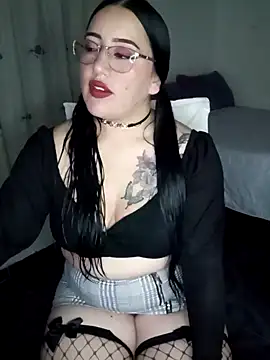 Snapshot of kirara_dirty chatting on December 22, 4:17 am kirara dirty online show from December 22, 4:17 am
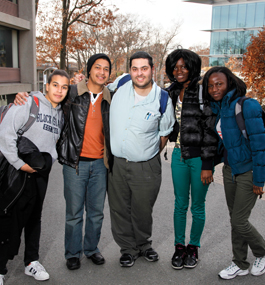 Jeremy Heyman '08 (center)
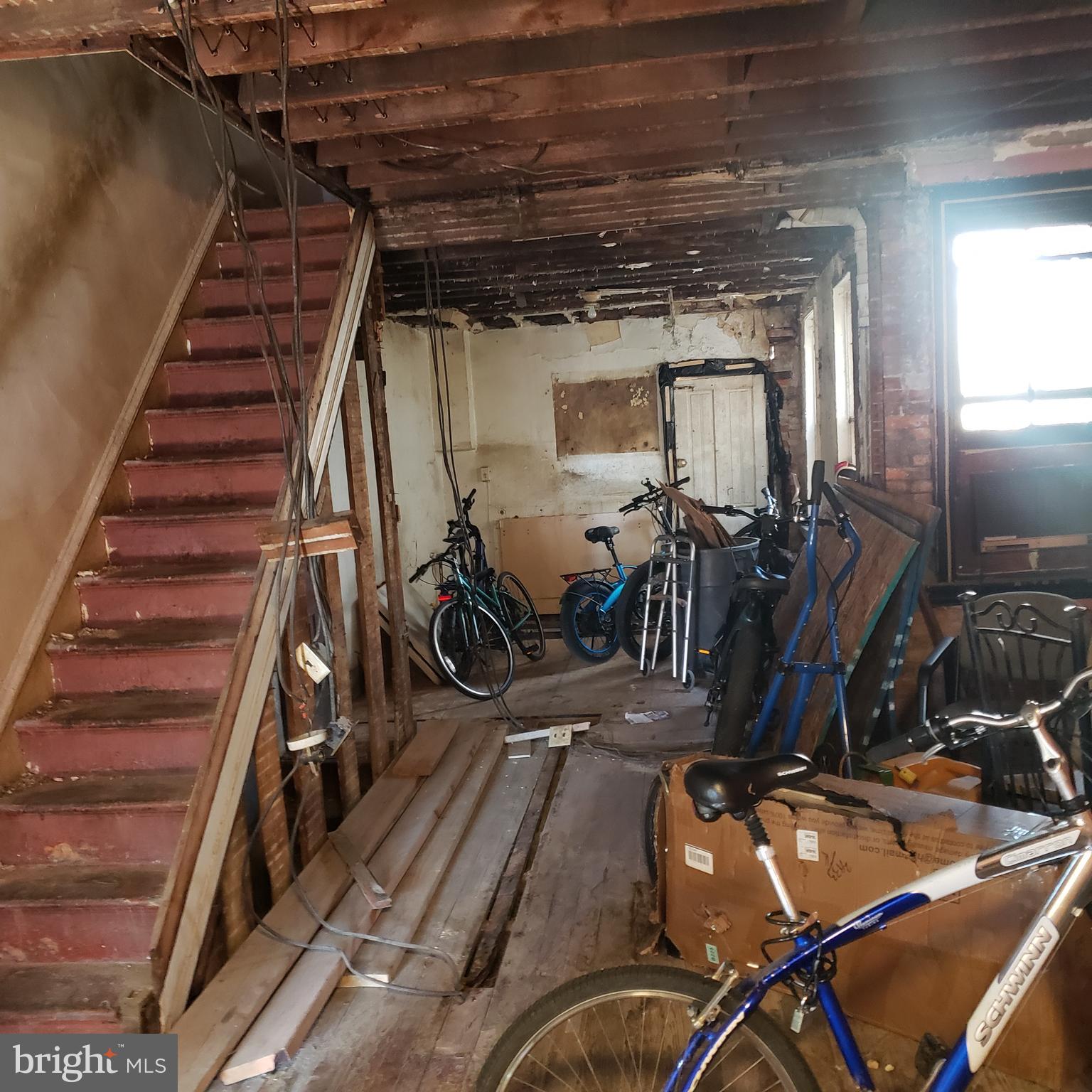 WEST PHILADELPHIA - Residential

══════

■ TASK GOAL
Return the data verbatim, leaving out the pictures it holds.

■ EXERCISE ANSWER
 Snapshot of kirara_dirty chatting on December 22, 4:17 am kirara dirty online show from December 22, 4:17 am
 Jeremy Heyman '08 (center)
 WEST PHILADELPHIA - Residential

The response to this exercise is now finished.